Geometric frustration arises whenever a structure is endowed with two or more mutually contradicting geometric tendencies. Such systems do not possess a stress-free rest state and thus are best described through intrinsic geometric quantities such as their metric. While the metric description of incompatible elasticity, which describes frustrated solids, is relatively developed and has seen much use in recent years, applications of these ideas outside of the field of solid mechanics are scarce.
In this talk, I will discuss how the concepts of geometric frustration and accurate intrinsic description allow new understandings when applied to liquid crystals and to analyze viscoelastic instabilities.
For 2D liquid crystals, the local bend and splay take the role played by the Riemannian metric in solids. We show that exploiting these intrinsic variables allows us not only to properly account for geometric frustration in liquid crystals but also to solve the general inverse design problem of nematic elastomers: finding the director field which will yield a desired metric upon a uniform biaxial deformation.
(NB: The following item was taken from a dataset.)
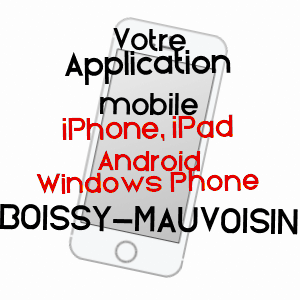 application mobile à BOISSY-MAUVOISIN / YVELINES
For viscoelastic solids, the intrinsic description leads to a reformulation of the theory in terms of a temporally evolving reference metric. This allows us to analytically address the notion of stability in viscoelastic structures, predict the future stability of viscoelastic systems and formulate guiding principles for their behavior. We conclude by demonstrating the quantitative agreement with experiments in viscoelastic shells displaying delayed viscoelastic buckling.
Dr. Efrati received his undergraduate and PhD from Hebrew University where he studied math and physics under the guidance of Eran Sharon and Raz Kupferman.
He was a Simons postdoctoral fellow at the James Frank Institute in the University of Chicago.
In 2014 he joined the Department of Physics of Complex systems in the Weizmann Institute of Science.